#### [INFORMATION]
+===+

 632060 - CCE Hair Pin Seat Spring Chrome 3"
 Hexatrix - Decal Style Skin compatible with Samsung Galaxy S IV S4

+===+

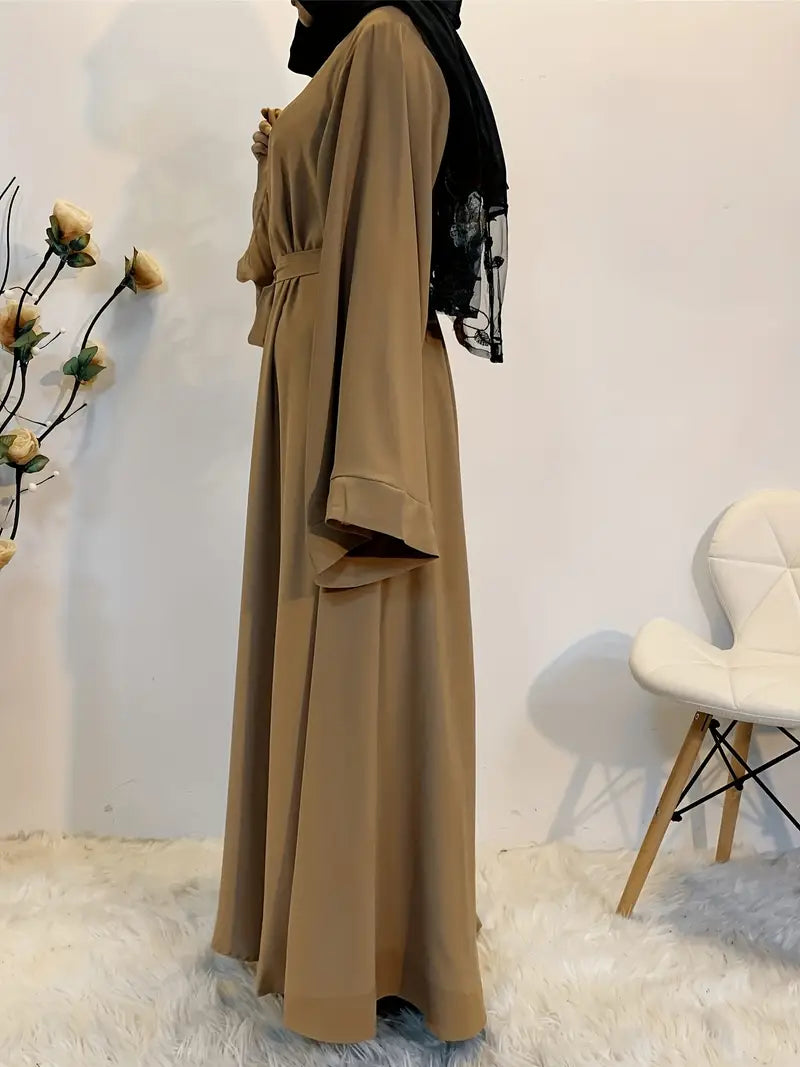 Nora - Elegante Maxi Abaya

+===+

#### [ACTIVITY]
Restate word for word the lines of the data above, starting at the line containing "632060 - CCE" and ending at the line containing "Hexatrix - Decal", both included, and nothing more.

#### [OUTPUT FOR THIS EXERCISE]
 632060 - CCE Hair Pin Seat Spring Chrome 3"
 Hexatrix - Decal Style Skin compatible with Samsung Galaxy S IV S4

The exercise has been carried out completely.